The goal of this paper is to demonstrate that the test of loss-aversion has a superior predictive power than the standard test of risk-aversion over decisions about situations that involve potential losses, e.g. agent’s decision in principal-agent context. Principal-agent

model describes a situation when an agent chooses an action that is not directly observable by a principal, but the agent’s decision affects the probability distribution of the output, which principal can observe and which determines the principal’s payoff. Therefore, the principal offers an agent a contract contingent on the output. A common example is employer-worker relationship, where a worker decides whether to exert a costly effort in her work, which partially determines the level of output, and where an employer determines the payment depending on the output. Since the output does not solely depend on the effort of the worker, the worker is not sure that she will get rewarded for her effort. The worker can

“invest” by taking a costly action and hope that the output will be higher to get a higher reward, or she can refuse to take that action. The decision of an agent in such situation is certainly affected by her attitude towards risk, because the decision involves comparing prospects with uncertainty. Also, it is affected by her attitude towards loss, since agent’s realized reward might not cover her cost of that action. This paper provides an evidence that both these attitudes can be captured by the usual test of loss-aversion, and the usual test of risk-aversion does not give additional predictive power of the agent’ decision on top of test of loss-aversion.
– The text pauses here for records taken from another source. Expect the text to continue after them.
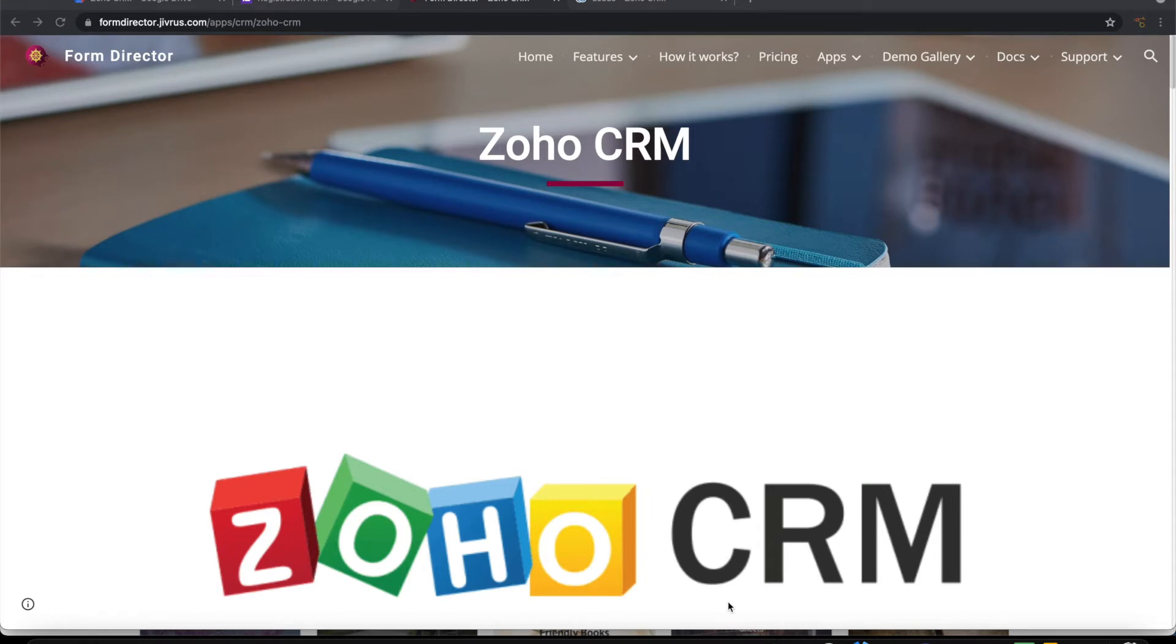Greetings from Jivras Technologies. In this video we are going to see how to create contacts and leads on Zoho CRM on submission of Google Form.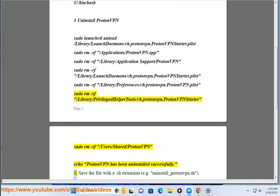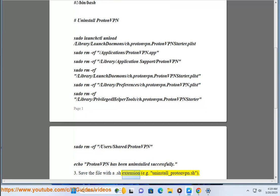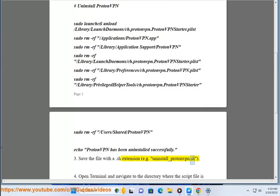Step 3: Save the file with a .sh extension, e.g. uninstall underscore proton .sh.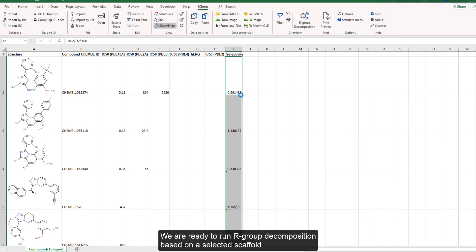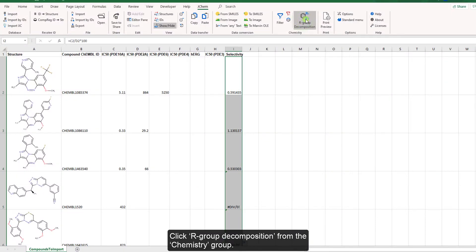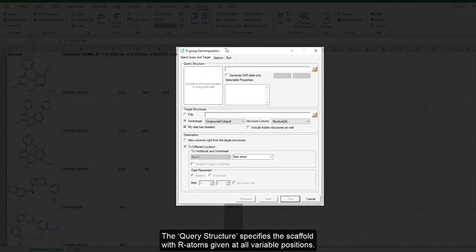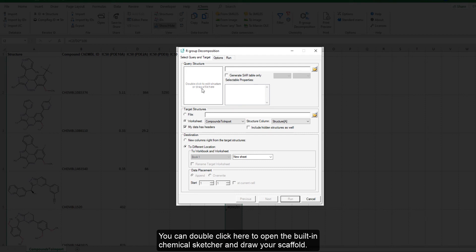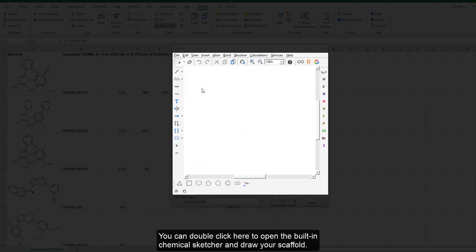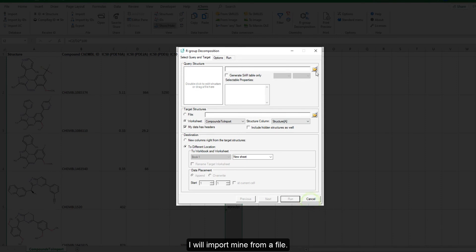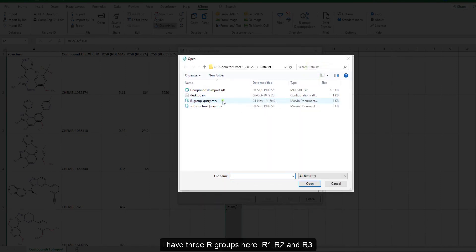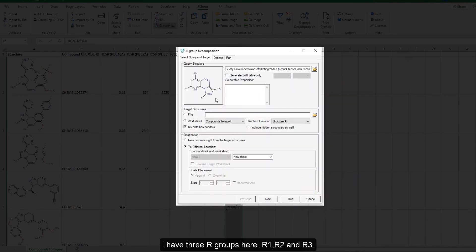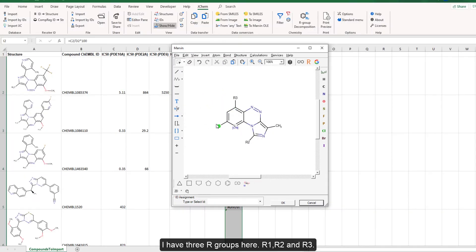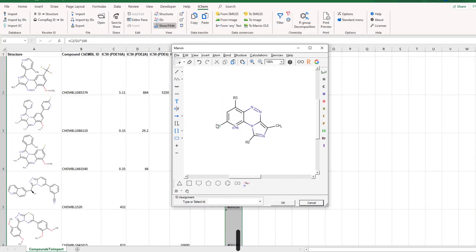We are ready to run the R group decomposition based on a selected scaffold. Click R group decomposition from the chemistry group. The query structure specifies the scaffold with R atoms given at all variable positions. You can double click here to open the built-in chemical sketcher and draw your scaffold, or import it from a file. I have three R groups here: R1, R2, and R3.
To demonstrate loss-aversion test’s greater predictive power over agent’s decision, I con- ducted a three-stage experiment. In the first stage I elicited proxies for individual levels of risk-aversion according to the standard expected utility theory. In the second stage I elicited proxies for individual levels of loss-aversion using a test similar to the example above. Finally, in the third stage I modeled an example of principal-agent setting and elicited willingness of agents to take a costly action with a stochastic reward. The results say that the result of the test of the second stage predicts the agent’s behavior much better than the one of the first stage. Moreover, I observe that if I know the degree of loss-aversion of an agent, knowledge of risk-aversion does not give any additional predictive power of agent’s behavior.

The following sections consist of literature review, theoretical background, experimental design, description of the data, analysis, and conclusion.

## 2 Literature Review

Kahneman and Tversky presented the prospect theory in 1979 as an alternative to the expected utility theory, which was criticized to be inconsistent with empirical evidence of people’s decisions in situations that involve uncertainty. One example of these inconsistencies is that people tend to choose a fixed payment of 500 over a lottery of getting 1000 with 0.5 chance and 0 with 0.5 chance. However, if people are firstly given 1000 and offered fixed loss of 500 or 0.5 chance of losing 1000, people tend to opt for a gamble. By expected utility theory, where only the final outcomes matter, these two situations are equivalent, but experiments showed that people’s decisions are systematically dependent of how choices are framed.

Unlike expected utility theory, the prospect theory states that people evaluate a situation not by it’s absolute outcome, but by a change relative to some “reference point”. The change can be either a gain or a loss relative to the reference point, and loss-aversion reflects the feature that losses affect the overall utility greater than similar-sized gains. Moreover, the utility curve by the prospect theory is concave in the gain domain and convex in the loss domain. Therefore in the example above in the first case decisions are made on the gain domain and in the second case decisions are made on the loss domain due to the change of the reference point. As the utility curve that the prospect theory suggests, people are risk-averse in gain domain and risk-seeking in loss domain, which explains the behavior of people in the example.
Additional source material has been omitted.